Our school is like many in sponsoring “buddy” classes that get together throughout the year to do projects. But because preschool came late to this buddy party and there are an odd number of classes, I’ve never had the experience of pairing with another class in a systematic way. However, we have found other ways for my young students to benefit from rubbing shoulders with their older school mates.
We eat our lunch in the cafeteria with everyone else and this year we started inviting older students to join our class if they want to. I have a lot of students with siblings and cousins who love to eat with their family members. In the first few weeks of winter, our class and the first graders are reading and acting out various versions of The Mitten so I arrange a visit next door to “read” together.
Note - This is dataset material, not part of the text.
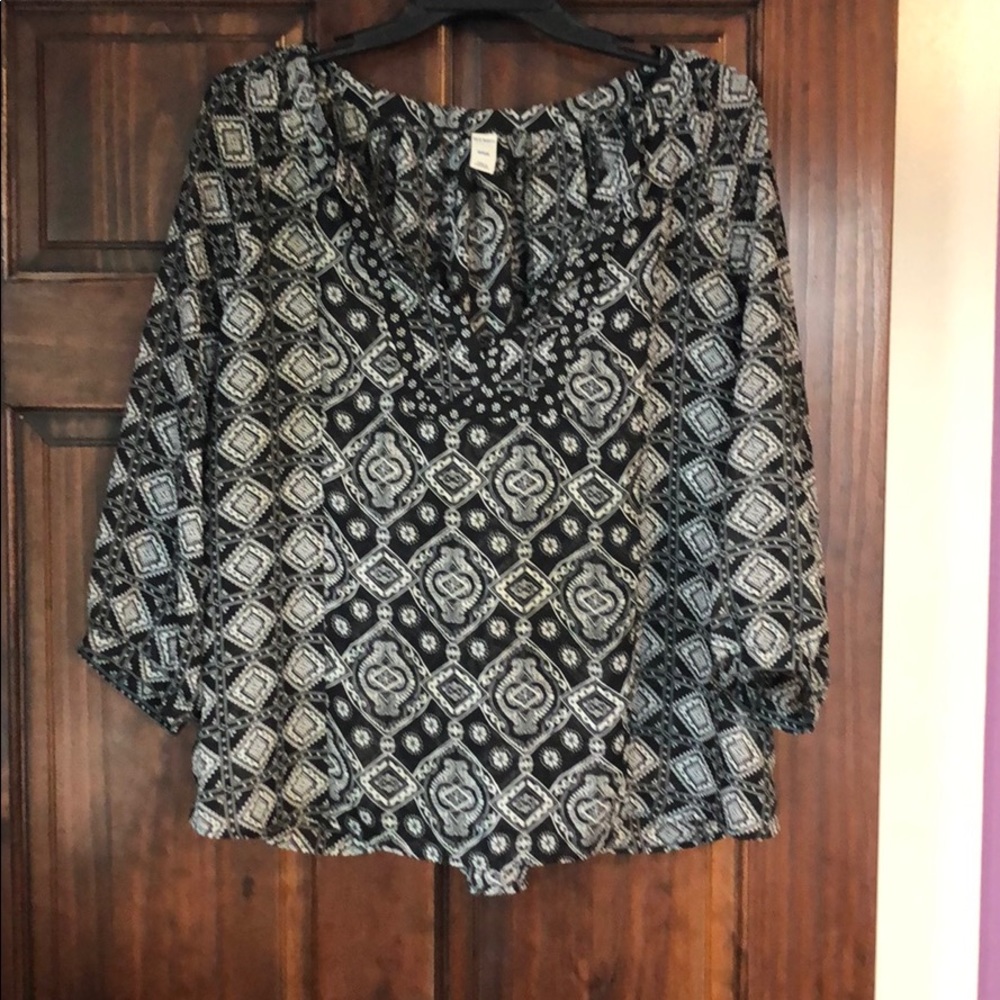 Gray and black V neck blouse.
It has been more difficult to join forces with intermediate students on a regular basis because their classrooms are physically at the opposite end of the building from us.
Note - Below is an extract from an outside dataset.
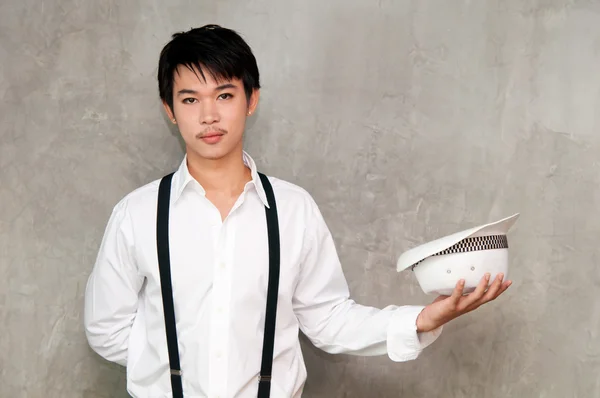 A teenager boy holds hat in his hand — Stock Photo, Image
Last week I ran into the 5th grade teacher in the work room and she asked if there was any way some of her students could join us for part of their recess because they were getting a little bored (imagine) with it and were asking if there were other things they could do around the school during that time. Bonanza! Their recess begins during the last 15 minutes of our day before we head to lunch and usually my students are finishing up a math or science activity and doing some independent reading.
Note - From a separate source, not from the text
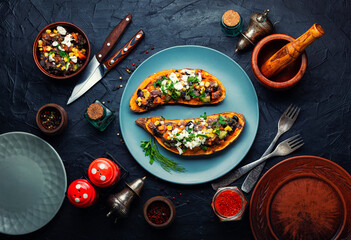 Sweet potato stuffed with vegetables and cottage cheese.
So on Tuesday, three students came down and joined us in making book choices and read to my students. Wednesday we were in the middle of a science experiment and only one student came down so I invited her to join in. Imagine the joy of a 5th grader playing with an eye dropper and water on a ramp. On Thursday we were measuring our door with elephant sized feet and our older friends helped us with our predictions.
I am so thrilled to have this happening! I hope we can figure out a way to start the year with this experience as well.
I am working hard this year to challenge my students with higher level thinking questions. Most of my students don’t have enough English to answer more than basic yes or no questions but I still want to expose them to the language and thinking of more challenging discussions. So I am using different strategies to keep this work at the top of my head.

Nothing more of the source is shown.